Solche Spaßprojekte listen ja meist eine Vielzahl von Wörtern auf, die maximal scherzhaft, meist aber gar nicht benutzt werden. Das Badisch-Wörterbuch hält sich damit angenehm zurück. Es gibt zwar gelegentlich welche (z.B. Droddwarbelaaidiger ‘Trottoirbeleidiger’ für ‘große Schuhe’) , aber die meisten Einträge sind wirklich brauchbar.
Die Texte der Infoboxen sind meist klug geschrieben – hier sei stellvertretend der Eintrag Debbich ‘Teppich, Decke’ zitiert (zum selben Thema beim Schplock):
Im Badischen hat man in seinem Bett einen Debbich, um sich damit zuzudecken. Auch ins Schwimmbad nimmt man einen Debbich als Liegedecke mit. Und wenn ein richtiger Fußbodenteppich schmutzig ist, dann bearbeitet man ihn mit einem Debbichbaddscher, einem Teppichklopfer.
Was ich etwas problematisch finde: Das Wörterbuch erhebt im Titel den Anspruch, für das “Badische” zu gelten – das ist aber kein einheitlicher Dialekt. Man benutzt die Bezeichnung für alle Dialekte des früheren Lands Baden, eine Sammelbezeichnung also.
Das Büchlein gibt das zwar freimütig zu, aber ein bißchen geschummelt wirkt es doch: Eigentlich ist es nur ein südfränkisches Wörterbuch – deckt also den Bereich ab, der hier pink ist:
Die alemannischen und die fränkischen Dialekte Badens gehören zu den oberdeutschen Mundarten, weisen aber dennoch einige Unterschiede auf. Das sieht man z.B. an den Adjektiven aus dem Lilliput, die im Hochdeutschen auf -ig enden:
aaschdennich ‘anständig’, gribblich ‘kribbelig’, needich ’nötig’
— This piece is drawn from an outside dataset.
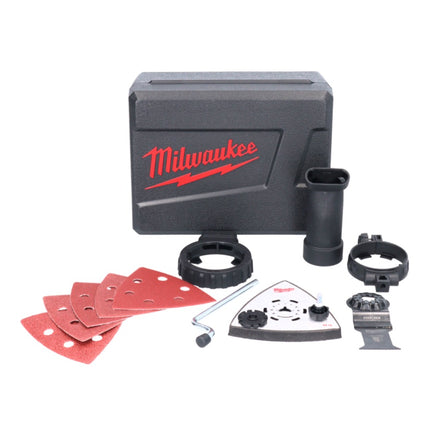 Milwaukee M18 FMT-201X FUEL Battery Multitool 18 V Brushless + 1x batterie 2,0 Ah + chargeur + 7 pcs. tools Set d'accessoires + HD Box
Im Karlsruher Dialekt spricht man sie als -ich aus, die alemannische Version wäre -ik (ooschdendik, gribblik, needik).
Oder am recht häufigen w statt b zwischen Vokalen, das es im Alemannischen nur vereinzelt gibt. Wahllos aus dem Lilliput herausgegriffen:
drowwe ‘droben’, driwwer ‘darüber’, demm hawwe khörich de Kimmich griewe ‘dem habe ich gehörig den Kamm gerieben’, Zwiwwl ‘Zwiebel’
Auch die Vereinfachung von nd/nt zu n scheint mir ein mitteldeutsches Phänomen zu sein:
annere ‘andere’, hinner ‘hinter’, unne ‘unten’
Aber natürlich sind die Unterschiede zwischen den einzelnen Dialekten sehr graduell, und so finden sich auch viele Ähnlichkeiten, gerade was den Wortschatz anbelangt. Mein auch südlicher verbreiteter Lieblingseintrag: verglebbere ‘verrühren’ – insbesondere die Herstellung von Rühreiern lässt sich damit exzellent beschreiben.
Schöner Artikel und tolle Karte! Die Eigenart eine Decke als Teppich zu bezeichnen ist glaube ich im ganzen Südwesten verbreitet, also auch im schwäbischen.
Aus meiner Sicht ne andere Sprache. 🙂
Und ich kann mich nicht ganz entscheiden, ob ich Oberrheinalemannisch oder Hochalemannisch sozialisiert bin.
Oh Käse, verzeih mir meine substantivierten Adjektive und den orthografischen R(h)einfall und die syntaktische Katastrophe. Es naht der Ernstfall. Ehrlich.